From the very start of the torture program, the Bush White House—including the then-President and then-Vice President—had a central role in trying to shield government officials from criminal prosecution. In fact, the very decision by then-President Bush to order the government to deny the protections of the Geneva Conventions to alleged Taliban and al Qaeda detainees was made based on a memorandum that advised how to avoid applicability of the War Crimes Act. In a January 25, 2002 draft memorandum for Bush, then-White House counsel Alberto Gonzales advised against application of the Geneva Conventions to al Qaeda and Taliban detainees. He stated that a “positive” reason for denying Geneva Convention protections to these detainees was that denial of the protections would “[s]ubstantially reduce the threat of domestic criminal prosecution under the War Crimes Act.” The memorandum to Bush went on to highlight that some of the War Crimes Act provisions apply “regardless of whether the individual being detained qualifies as a POW.”

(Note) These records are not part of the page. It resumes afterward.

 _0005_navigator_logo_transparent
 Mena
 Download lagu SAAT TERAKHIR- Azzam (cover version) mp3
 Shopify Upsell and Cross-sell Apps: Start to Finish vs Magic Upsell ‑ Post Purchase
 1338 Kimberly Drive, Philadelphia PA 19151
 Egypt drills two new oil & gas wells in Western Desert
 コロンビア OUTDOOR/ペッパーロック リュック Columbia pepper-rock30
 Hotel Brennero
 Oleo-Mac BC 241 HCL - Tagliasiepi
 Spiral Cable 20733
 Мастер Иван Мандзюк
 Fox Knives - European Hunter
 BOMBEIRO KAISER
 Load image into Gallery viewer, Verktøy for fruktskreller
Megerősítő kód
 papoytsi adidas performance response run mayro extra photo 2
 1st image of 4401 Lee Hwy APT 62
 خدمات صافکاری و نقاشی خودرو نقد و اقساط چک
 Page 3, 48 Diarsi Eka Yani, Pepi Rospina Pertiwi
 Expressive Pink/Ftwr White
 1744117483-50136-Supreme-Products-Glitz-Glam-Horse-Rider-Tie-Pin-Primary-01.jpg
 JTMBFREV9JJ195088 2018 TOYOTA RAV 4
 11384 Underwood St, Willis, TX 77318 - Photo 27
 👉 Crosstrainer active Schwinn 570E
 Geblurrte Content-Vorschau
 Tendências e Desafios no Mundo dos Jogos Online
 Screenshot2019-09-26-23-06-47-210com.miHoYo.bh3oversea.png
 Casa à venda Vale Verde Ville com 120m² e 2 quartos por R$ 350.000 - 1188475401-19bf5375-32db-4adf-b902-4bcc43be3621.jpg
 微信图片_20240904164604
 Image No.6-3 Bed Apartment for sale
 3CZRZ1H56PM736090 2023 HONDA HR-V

The last item on the January 25, 2002 memorandum’s list of “positive” reasons for finding the Geneva Conventions protections inapplicable went even further in stating the intent to avoid War Crimes Act prosecutions. Gonzales advised Bush that “it is difficult to predict the motives of prosecutors and independent counsels who may in the future decide to pursue unwarranted charges based on Section 2441 [the War Crimes Act]. Your determination [of inapplicability of the Geneva Conventions] would create a reasonable basis in law that Section 2441 does not apply, which would provide a solid defense to any future prosecution.” In other words, Gonzales urged the then-President to find the Geneva Conventions protections inapplicable to these detainees as a way to block criminal prosecutions under the War Crimes Act. Bush subsequently ordered the Geneva Conventions inapplicable to the al Qaeda and Taliban detainees. In 2006, the Supreme Court held that Common Article 3 of the Geneva Conventions did protect these detainees.
After attempting to render the War Crimes Act inapplicable to the detainees, the Bush White House coordinated an attempt to make the federal Anti-Torture Act similarly inapplicable. As White House counsel, Gonzales asked the Office of Legal Counsel to issue at least two memoranda that attempted to redefine and restrict the prohibitions of the Anti-Torture Act, and then apply that narrow interpretation to a specific list of interrogation tactics. The result was the since-withdrawn August 1, 2002 OLC memorandum finding torture must cause pain “equivalent in intensity to the pain accompanying serious physical injury, such as organ failure, impairment of bodily function, or even death,” and a subsequent OLC memorandum that approved waterboarding and other practices.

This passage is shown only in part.